BEGIN
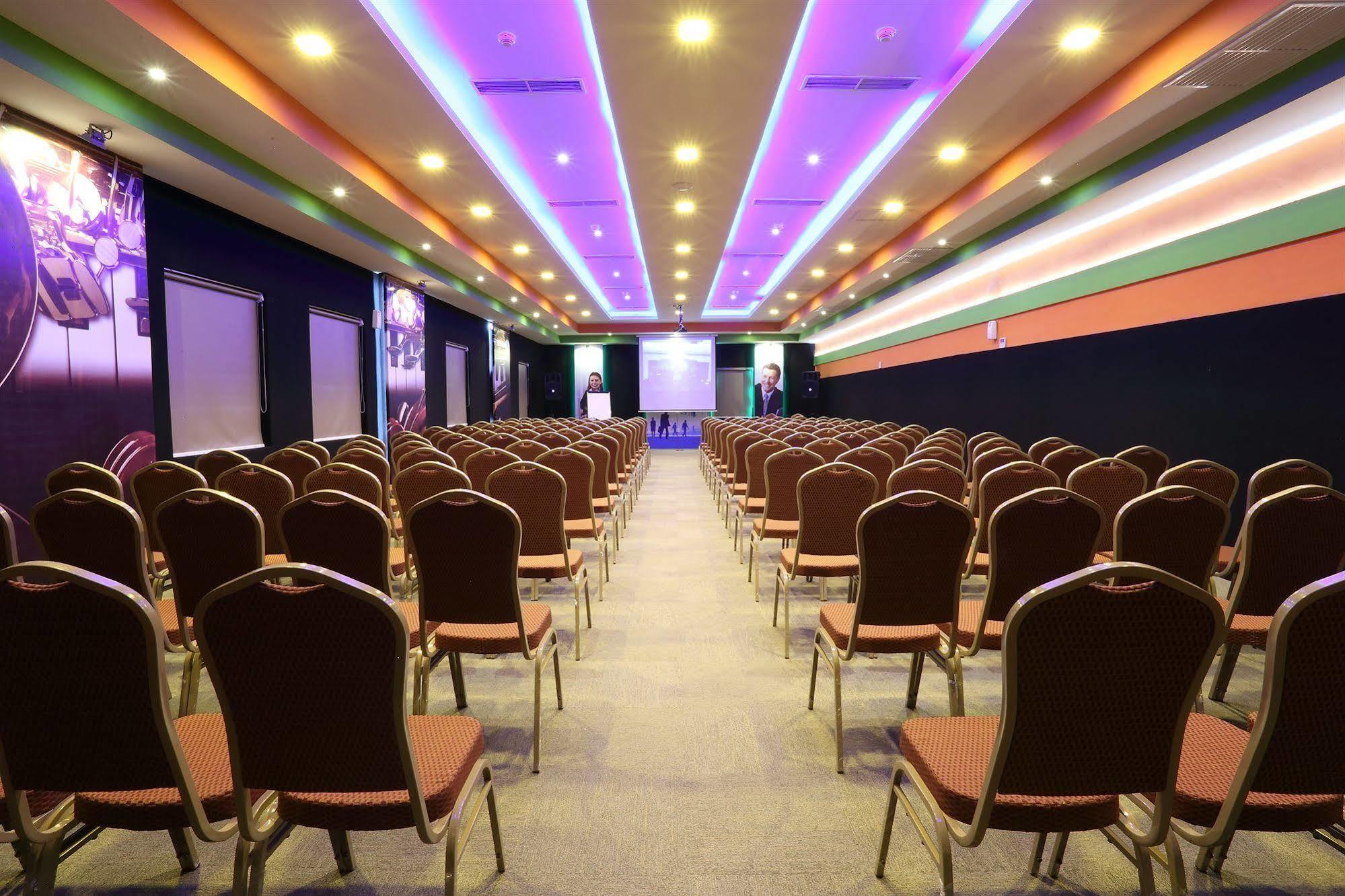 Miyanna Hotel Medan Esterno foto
END
BEGIN
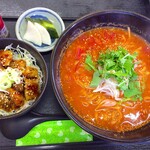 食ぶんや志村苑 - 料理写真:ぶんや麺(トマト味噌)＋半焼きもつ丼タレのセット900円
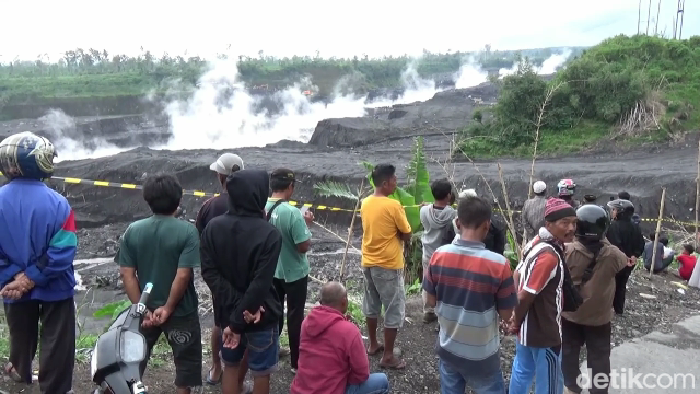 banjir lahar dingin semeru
END
BEGIN
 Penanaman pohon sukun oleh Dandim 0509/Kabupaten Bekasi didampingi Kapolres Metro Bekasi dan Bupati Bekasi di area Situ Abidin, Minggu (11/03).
END
### Problem to work on
Would you copy, word for word, only the lines above from the one containing "食ぶんや志村苑 - 料理写真:ぶんや麺(トマト味噌)＋半焼きもつ丼タレのセット900円" through the one containing "banjir lahar dingin semeru", both included, and please leave out the pictures?

### Task output
 食ぶんや志村苑 - 料理写真:ぶんや麺(トマト味噌)＋半焼きもつ丼タレのセット900円
 banjir lahar dingin semeru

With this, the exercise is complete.